--- TRY IT ---
The lines to transcribe begin with the one containing "Space Grey Velour" and end with the last line below; reproduce them exactly, without the pictures.
*** Opening of PROVIDED MATERIAL ***
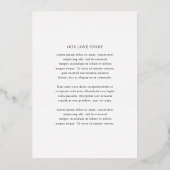 Jody Simple Elegant Wedding Save the Date Folieneinladung (Rückseite)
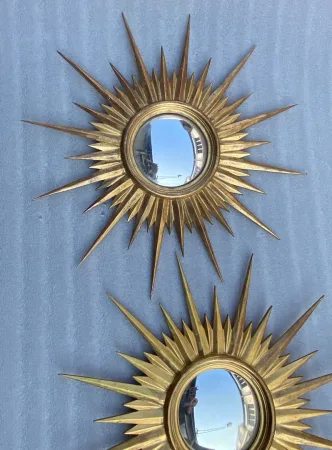 1950′ Paire de Miroirs Soleil Convexe, Bois Doré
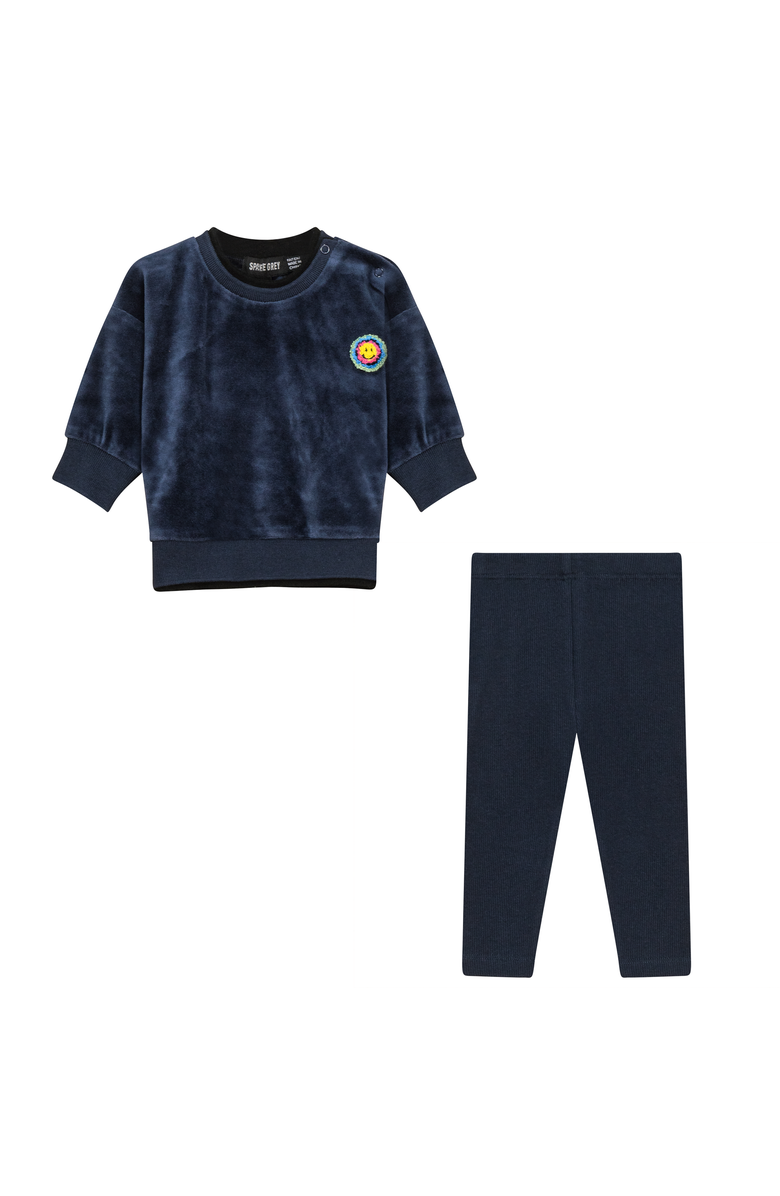 Space Grey Velour 2 Piece Long Sleeve Top and Leggings Set, Main, color, Navy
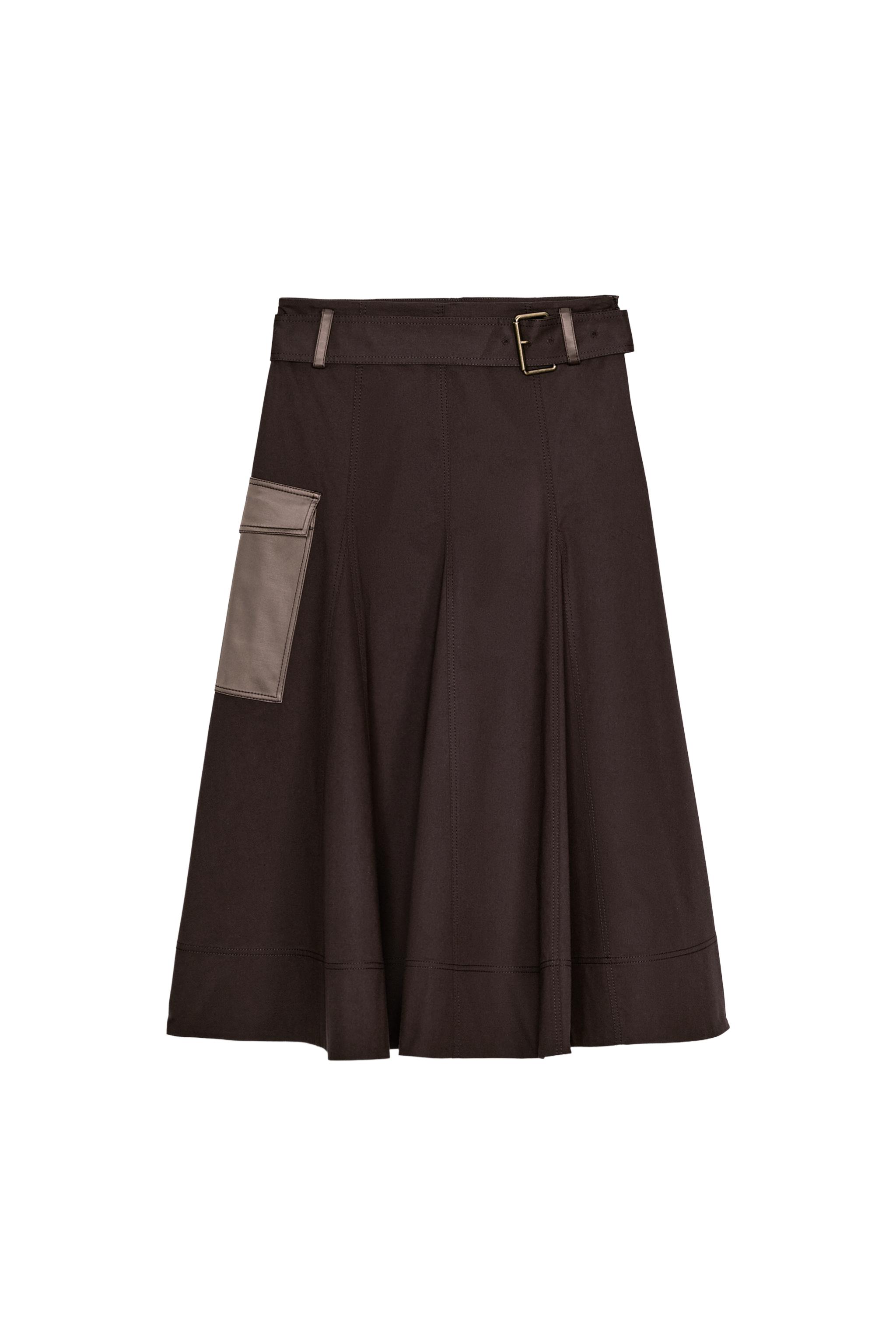 BELTED CARGO MIDI SKIRT - Brown | ZARA United States display picture 1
*** Close of PROVIDED MATERIAL ***
--- RESPONSE ---
 Space Grey Velour 2 Piece Long Sleeve Top and Leggings Set, Main, color, Navy
 BELTED CARGO MIDI SKIRT - Brown | ZARA United States display picture 1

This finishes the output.